Author: Eswara Pendli
Recently, MuleSoft released BigQuery Connector in Anypoint Exchange which is created by Connectivity Partners. This connector supports Mule 4.X Runtime version.
For Basic Understanding of BigQuery and Features of BigQuery, Please Refer Mulesoft + BigQuery Series 1.
In this Series, We will discuss Operations supported by BigQuery Connector and Simple Demo on ‘Fetch Table Data’ using BigQuery Connector.
Quick Points?
- MuleSoft’s BigQuery Connector creates connectivity with Google BigQuery through Anypoint Platform.
- BigQuery is a serverless, highly scalable, and cost-effective cloud data warehouse designed to help you make informed decisions quickly, so we can transform our business with ease.
- This connector provides organizations access to BigQuery through interfacing the Google BigQuery API.
- The Google BigQuery Connector allows customers to create, manage, share and query data.
Operations Supported By Connector:
- Create Job:
This operation is used to create and start an asynchronous job.
Major options are :
- Copy Job
- Extract Job
- Load Job
- Query Job
- Get Job :
This operation is used to return information about a specific job based on given BigQuery Job name.
- List Job:
This operation is used to list all jobs that we started in the specified project.
- Cancel Job:
This operation is used to cancel the BigQuery Job based on given Job name.
- Create Dataset:
This operation is used to create a new empty dataset.
Which can hold one or more tables in it.Dataset names should be unique.
- Get Dataset:
This operation is used to return the dataset based on given datasetId.
- List Dataset:
This operation is used to retrieve information on each dataset.Which consists of a limited amount of information about each dataset: DatasetId, FriendlyName and GeneratedId. If we want to get complete information, we have to use the “Get Dataset” operation.
- Update Dataset:
This operation is used to update information in an existing dataset.
- Delete Dataset:
This operation is used to delete the dataset based on given datasetId.
- Create Table:
This operation is used to create a new table in existing dataset. We have to provide a new table name along with datasetId.
- Get Table:
This operation is used to return the specified table from dataset based on given datasetId and tableId.
- List Table:
This operation is used to list the tables in the specified dataset based on given datasetId.
Which consists of a limited amount of information about each table: TableId, FriendlyName, Generated and type. If we want to get complete information, we have to use the “Get Table” operation.
- Update Table:
This operation is used to update information in an existing table based on given datasetId and tableId.
- Delete Table:
This operation is used to delete the specified table from the dataset based on given datasetId and tableId.
- List Table Data:
This operation is used to list the content of a table in rows based on given datasetId and tableId.
- Query:
This operation is used to run the query associated with the request based on given JobId.
- Get Query Result:
This operation is used to return the results of a query job based on given JobId.
- Insert All:
This operation is used to stream data into BigQuery one record at a time without running the load job based on given datasetId and tableId.
Pre-Requisites:
- We need to have google cloud account/sandbox account.
Demo:
Create Dataset, Table and Insert data to Table from Anypoint Studio:
- Create a new project and Add “Google BigQuery” palette or dependency to project.
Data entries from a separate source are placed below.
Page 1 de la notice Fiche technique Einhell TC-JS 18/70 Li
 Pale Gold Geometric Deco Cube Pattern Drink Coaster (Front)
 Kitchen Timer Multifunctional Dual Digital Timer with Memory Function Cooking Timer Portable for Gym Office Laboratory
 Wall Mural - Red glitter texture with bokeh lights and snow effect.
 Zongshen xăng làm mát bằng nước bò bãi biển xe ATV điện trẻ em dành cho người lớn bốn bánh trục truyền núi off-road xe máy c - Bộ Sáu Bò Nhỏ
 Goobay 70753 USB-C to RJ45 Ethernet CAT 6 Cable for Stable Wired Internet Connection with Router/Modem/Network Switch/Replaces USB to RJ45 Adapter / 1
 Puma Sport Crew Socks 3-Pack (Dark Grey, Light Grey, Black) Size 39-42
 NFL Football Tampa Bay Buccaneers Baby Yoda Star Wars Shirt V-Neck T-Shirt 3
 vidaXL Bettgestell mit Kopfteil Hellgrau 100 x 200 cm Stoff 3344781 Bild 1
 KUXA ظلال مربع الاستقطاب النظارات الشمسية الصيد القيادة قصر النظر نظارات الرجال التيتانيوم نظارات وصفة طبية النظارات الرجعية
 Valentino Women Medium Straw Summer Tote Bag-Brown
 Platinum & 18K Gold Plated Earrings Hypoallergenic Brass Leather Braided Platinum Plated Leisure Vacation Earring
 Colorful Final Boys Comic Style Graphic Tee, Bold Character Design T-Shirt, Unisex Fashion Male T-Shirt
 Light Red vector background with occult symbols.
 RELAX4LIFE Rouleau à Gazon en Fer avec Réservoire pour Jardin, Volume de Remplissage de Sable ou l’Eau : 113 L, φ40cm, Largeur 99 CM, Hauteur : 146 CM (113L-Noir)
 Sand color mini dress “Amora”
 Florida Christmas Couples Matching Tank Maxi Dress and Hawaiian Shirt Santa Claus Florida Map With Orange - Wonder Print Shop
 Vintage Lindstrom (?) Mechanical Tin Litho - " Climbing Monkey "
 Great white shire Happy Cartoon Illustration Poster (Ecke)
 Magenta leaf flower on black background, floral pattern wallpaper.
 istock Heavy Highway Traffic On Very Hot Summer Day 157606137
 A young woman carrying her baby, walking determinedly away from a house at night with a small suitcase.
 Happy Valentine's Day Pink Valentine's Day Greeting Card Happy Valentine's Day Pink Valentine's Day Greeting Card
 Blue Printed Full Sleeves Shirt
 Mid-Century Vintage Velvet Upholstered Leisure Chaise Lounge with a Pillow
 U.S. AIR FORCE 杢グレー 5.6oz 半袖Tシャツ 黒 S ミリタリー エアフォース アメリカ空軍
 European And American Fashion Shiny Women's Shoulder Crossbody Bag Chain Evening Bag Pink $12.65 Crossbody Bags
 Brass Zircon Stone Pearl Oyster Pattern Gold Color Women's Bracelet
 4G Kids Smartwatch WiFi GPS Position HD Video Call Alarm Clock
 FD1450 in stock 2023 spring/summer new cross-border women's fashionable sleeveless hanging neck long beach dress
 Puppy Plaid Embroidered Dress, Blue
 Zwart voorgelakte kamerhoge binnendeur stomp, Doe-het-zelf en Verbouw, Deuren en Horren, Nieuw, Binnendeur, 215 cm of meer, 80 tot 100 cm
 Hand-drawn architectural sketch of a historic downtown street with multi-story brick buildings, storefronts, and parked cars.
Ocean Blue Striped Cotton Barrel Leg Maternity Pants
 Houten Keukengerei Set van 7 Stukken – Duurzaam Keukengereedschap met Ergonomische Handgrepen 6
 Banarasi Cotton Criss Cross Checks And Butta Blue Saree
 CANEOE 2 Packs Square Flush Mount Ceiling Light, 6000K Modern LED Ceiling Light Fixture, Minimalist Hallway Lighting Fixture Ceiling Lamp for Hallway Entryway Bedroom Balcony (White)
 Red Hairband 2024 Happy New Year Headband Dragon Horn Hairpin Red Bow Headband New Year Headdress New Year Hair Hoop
- Once the Connector is added to the palette, we can multiple operations supported by BigQuery.

- Configure the BigQuery global configuration as shown below.
Global configuration for this connector is simple.We need to update this configuration with our service Account Key details:
Where,
Project ID: Project Name in which BigQuery is associated.
Service Account Key:Download the JSON file from the Credentials section.
:.: (To know, How to setup Client-ID, Please refer 5th Point under “Configuration / Connection Establishment for Mulesoft”from Mulesoft + BigQuery Series 1)


- Here is the mule snap to create dataset, table and insert data to table.

- In this flow, we are expecting datasetId and tableId from queryParams.

- We are creating new dataset using datasetId.

- Ideally, the table will be present under the dataset. So we are creating a new table using existing datasetId with a new table schema. The table schema contains relevant information which is fieldName, fieldType and fieldMode in the schema section as shown below:

- We will be creating a new table using datasetId along with tableId. We would need to send table schema in object type only.

- On successful table creation. We can insert the data using InsertAll operation. We need to update the payload at “Row Data” section. There is a limitation on “Insert All”operation, We can send the data in a bunch of 10,000 records/rows at a time.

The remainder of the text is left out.